Even Krishna’s dear friend Arjuna dropped to his knees, quivering in fear, when he saw Krishna’s universal form on the battlefield of Kurukshetra.

“Obeisances to You from the front, from behind and from all sides! O unbounded power, You are the master of limitless might! You are all-pervading, and thus You are everything!

“Thinking of You as my friend, I have rashly addressed You “O Krishna,” “O Yadava,” “O my friend,” not knowing Your glories. Please forgive whatever I may have done in madness or in love. I have dishonored You many times, jesting as we relaxed, lay on the same bed, or sat or ate together, sometimes alone and sometimes in front of many friends. O infallible one, please excuse me for all those offenses.” (Bhagavad Gita, 11.40–42)

Where was the coy teasing and flirting of the gopis? The boisterous games of the gopas? The fond chastising of Mother Yashoda and the village women?

Amid splendor and opulence, Krishna longed for the mood of Vrindavan: simplicity, lightness, Creator and created looking each other directly in the eye.

In shanta-bhava and dasya-bhava, moods of neutrality and servitude, the devotee recognizes the greatness of God, which brings surrender and a desire to serve. But the path doesn’t necessarily stop there. Deeper, more complete forms of relationship are yet to come.

Still, any devotee must pass through this sense of awe and even terror as a purification, to become completely humble and transparent, so as not to try and come with the ego into intimacy with God.

The ego can’t be the friend, parent, or lover of the Infinite. Only the soul, that ocean contained within a drop, can do it.

Sakhya-Bhava: The Mood of Friendship

“Heaven and earth do not contain me, but I am contained within the heart of my devotee.”


In sakhya-bhava, God and the jiva (individual) interact as equal friends. It is a mood of playfulness contained by trust and familiarity, like young Krishna with the other cowherd boys.

God is always here, always present and available. He is here to listen, to support us, and to accompany us on the wild adventure of life.

This is a natural mode in which children often relate to the Divine if they are not influenced by restrictive religious education.

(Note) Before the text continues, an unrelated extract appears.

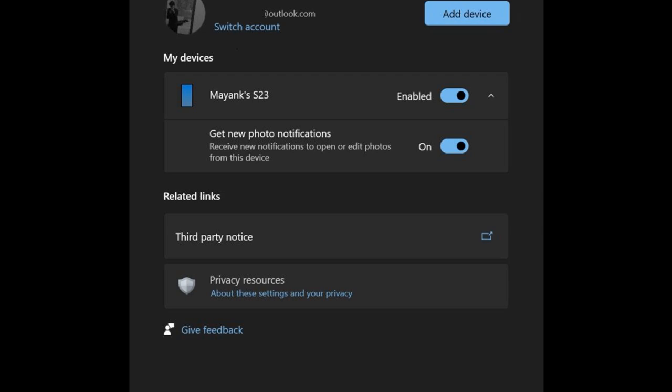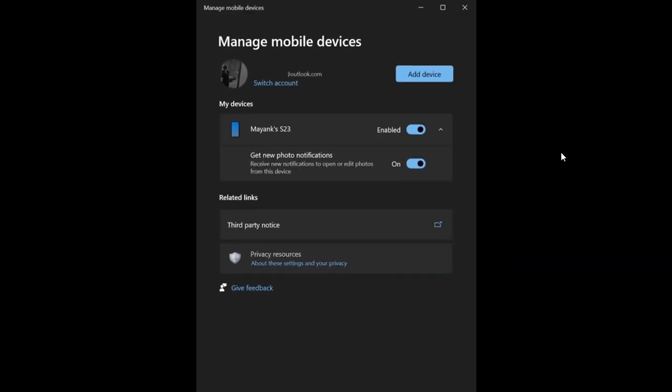And what it does is this integration makes photos on your phone accessible on your PC. So whenever you capture a screenshot, you'll get a notification about that actual screenshot, as an example, and the photos will appear as notifications on your Windows 10 PC. And then you can open them in the snipping tool to save or edit them. So basically, that's just the feature in a nutshell.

Less common is to hear of sakhya-bhava among Christian mystics, but one story of St. Teresa of Avila illustrates the flavor of it quite well.

After a long journey in wintertime, St. Teresa slipped in the mud while getting off her donkey and fell, injuring her leg. Frustrated, she immediately complained to God.

A response came: “This is how I treat my friends.”

St. Teresa replied, “Maybe that’s why you have so few of them!”

Coming from a pure-hearted devotee with a high degree of surrender, this kind of banter doesn’t represent a lack of reverence but rather such a deep trust that formalities or fear are no longer necessary.

There is no need to appease God or beg for favors, in the understanding that everything our divine Friend does is for our benefit.

Is God Truly All-Benevolent?

It doesn’t always seem like that when we look only with human eyes. Life on this planet is characterized by suffering, particularly the suffering of innocents. We might point to silver linings or explain it as karma. Still, any mental justification fails to touch the root of the question and ultimately does a disservice to the deeper mystery — that unspeakable perfection that levels all dualities, even suffering and freedom from suffering.

So in some inconceivable way, God is looking out for each and every one of us. To that Love, every living being is more precious than we could possibly imagine.

God’s purpose is always to bring us closer to Him, while respecting our free will for as long as we choose to express it in individual form. Therefore, the present moment, just as it is, must always offer the best possible conditions for transformation.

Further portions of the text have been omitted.